財団法人日本クリスチャンアカデミー・関西セミナーハウス活動センターが17日、水垣渉氏(京都大名誉教授、日本基督教学会理事長)を講師として招き、第5回修学院キリスト教セミナー「共同体の歴史としてのキリスト教」を同セミナーハウスで行った。
約2千年にもわたり歴史的存在として存続しているキリスト教は、その中心に「教会」をおきながらも、それ以外の様々なキリスト教共同体を展開することによって、歴史の変化に対応し、さらには歴史を形成する側に立ちながら発展してきたと言える。水垣氏はセミナーで、キリスト教の歴史をその共同体の発展の歴史ととらえ、キリスト教はなぜ、またどのようにこのような多様な共同体を展開できたのかについて講演した。

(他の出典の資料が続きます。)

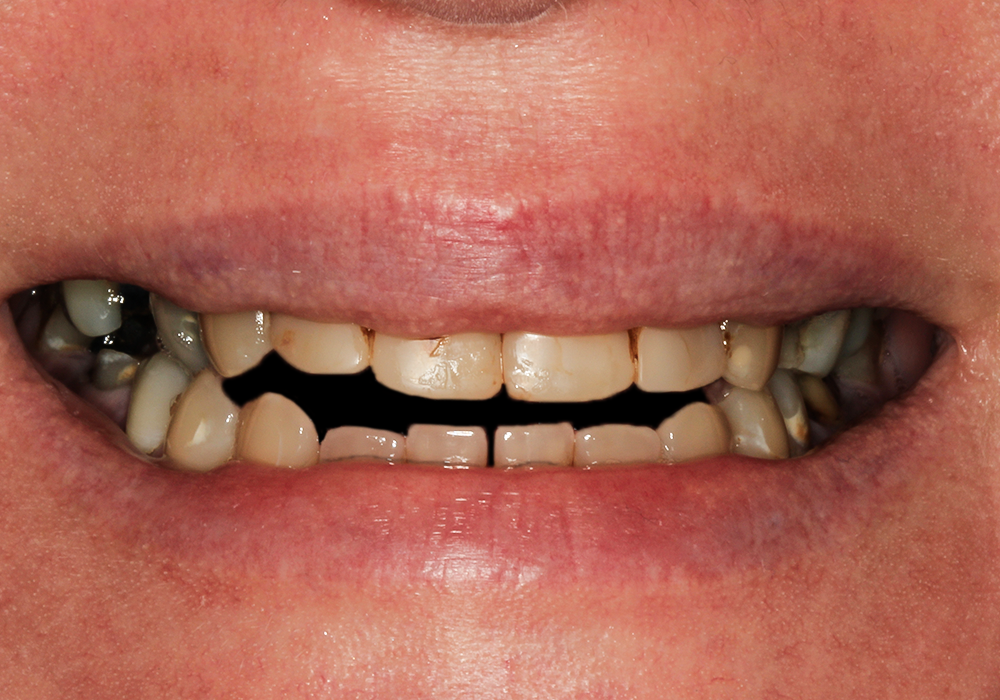 Before detail, Teeth in a Day All on Six, Amy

このセミナーは、同セミナーハウス活動センターが06年度から始めた新企画。取り組むべき課題が複雑し、多様化する現代社会において、文化、自然、政治などのそれぞれの分野で活躍している専門家を講師として招き、その豊かな経験や知識を学ぶことによって、何に拠り立つべきかを考え、分かち合うことを目的として始まった。

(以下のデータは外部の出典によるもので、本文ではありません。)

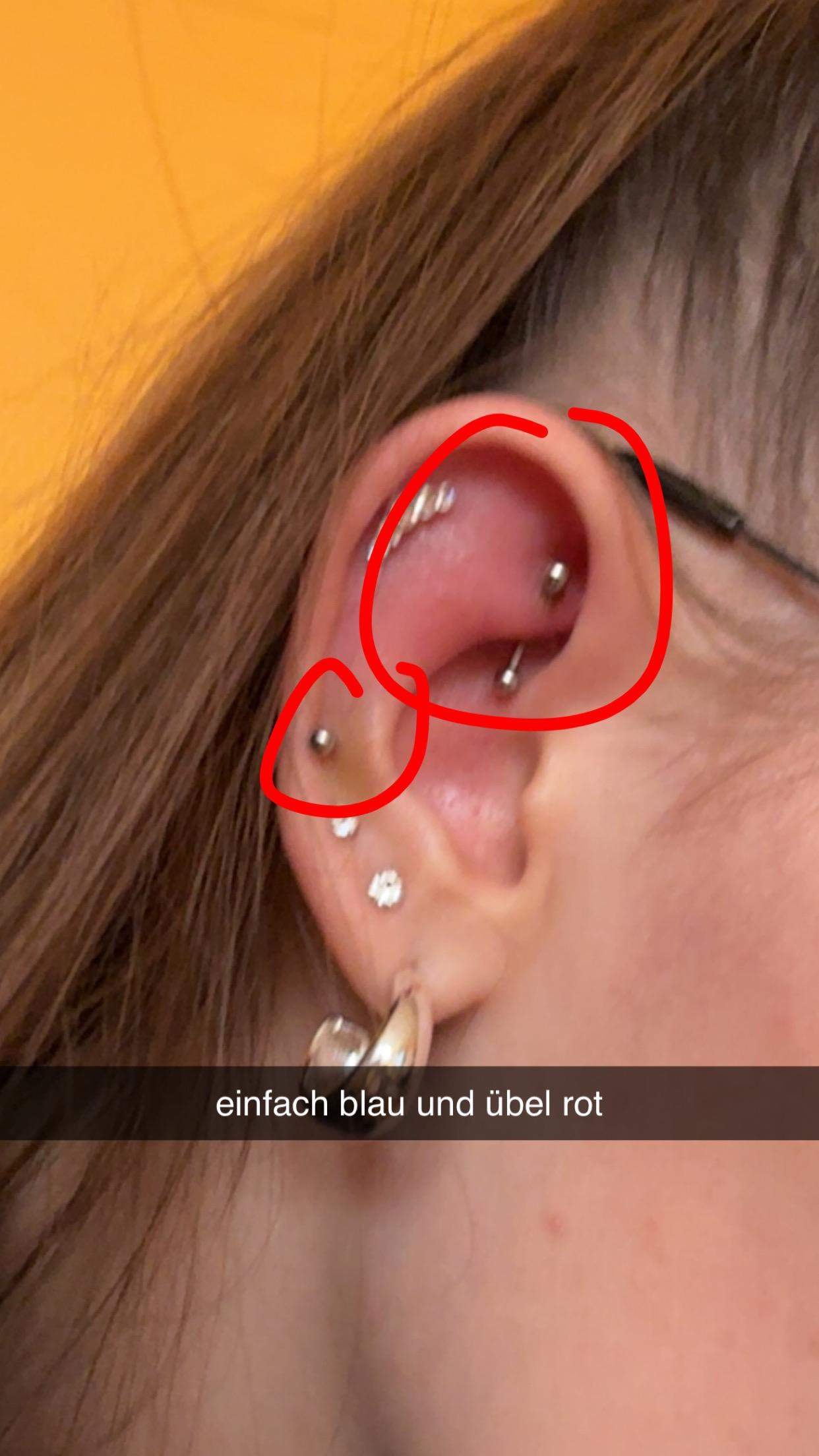 von rook piercing kopfschmerzen? (Schmerzen, Pflege, Entzündung)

水垣氏は、京都大学文学部教授として宗教学第二講座(キリスト教学)を担任し、98年に同大から名誉教授の称号を授与される。現在は、日本基督教学会理事長を務める。専門は古代キリスト教思想、キリスト教学基礎論で、主な著書に「宗教的探求の問題―古代キリスト教思想序説」「キリスト論論争史」などがある。